Our young lawyers never knew a time without Mickey, and Minnie, Goofy, and Donald. They don’t know a world without full length animated movies, and Cinderella, Snow White, Peter Pan, and Bambi. And if they grew up anywhere close to Orange County, they can’t recall life without the Monorail and the Matterhorn Bob-sleds, Autopia and of course, the Tea Cups.
On the other hand, we currently have senior bar members who were the “young lawyers” in the 1940s and 1950s. Those dedicated new lawyers were the “future,” then — we are so proud and grateful for their vision and leadership. Walt Disney appreciated those who go before us as he spoke to the crowd dedicating “Frontierland” “to the pioneering spirit of our forefathers, men of vision, faith and courage.”
Because of the vision, faith and courage of our forefathers, the Legal Aid Society of Orange County still exists today, assisting low-income clients in a large range of legal issues including housing, family law and domestic violence.
Because of decades of tireless support and efforts of the Orange County Law Advocates, Orange County citizens are the beneficiaries of dozens of law-related programs and philanthropic activities. The non-profit, all volunteer organization specializes in youth services, legal education and assistance designed to increase public awareness of the legal system.
Clarence E. Sprague, our oldest living past president, tells us that as president in 1954, he worked very hard to maintain good relations with the community and to encourage all the new attorneys.
Walt Disney appreciated the past, but better than anyone, he understood the impatience and inevitability of the future. He rushed to invent it… and meet it.
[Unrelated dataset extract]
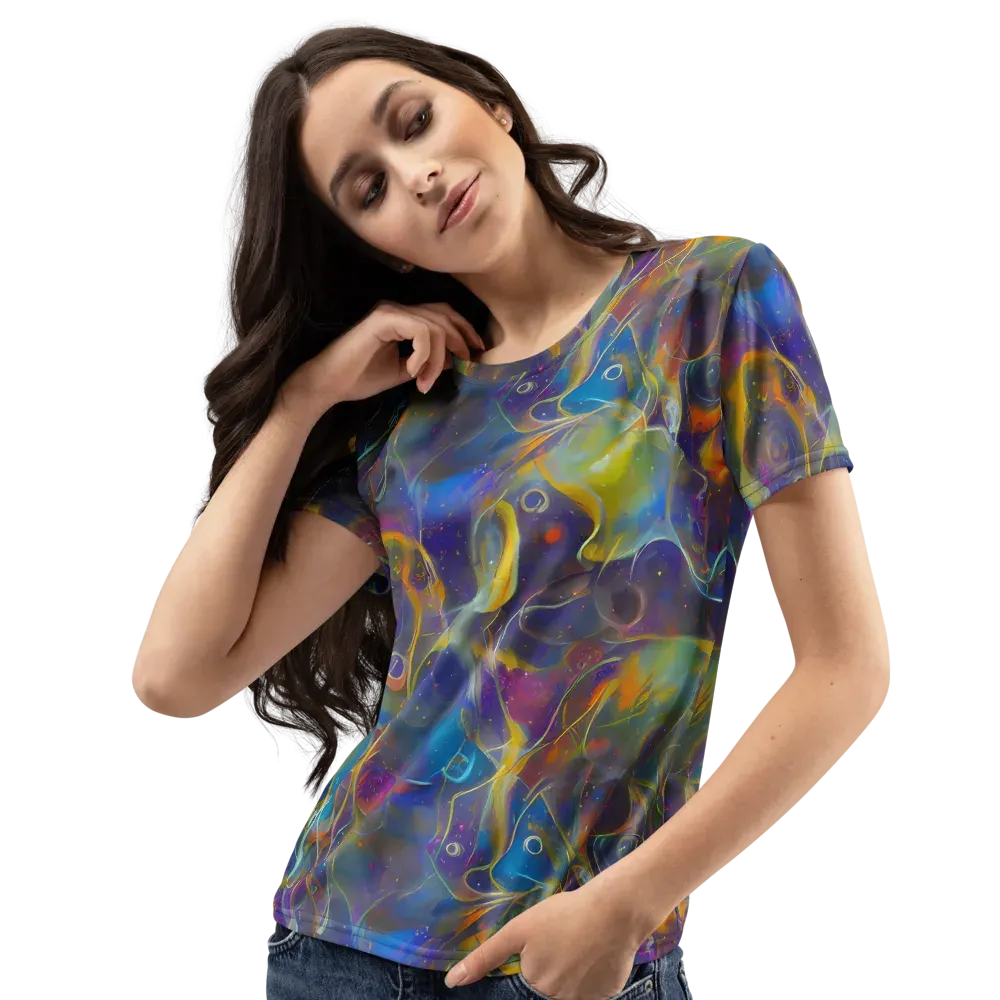Brown's Chaos on Women's Crew Neck T-Shirt — Left Front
The 1955 Map of Disneyland welcomed visitors to a “world of Tomorrow and Yesterday.” OCBA welcomes all lawyers to an Association and a legal community blessed by yesterday and dedicated to tomorrow.
As we celebrate our Centennial, and take this great trip back to the future, Disney’s words on July 17, 1955 ring true. “Here age relives fond memories of the past, and here youth may savor the challenge and promise of the future.”
And, that’s an E-Ticket Ride!
Danni Murphy is a senior attorney with the Orange County Public Defender.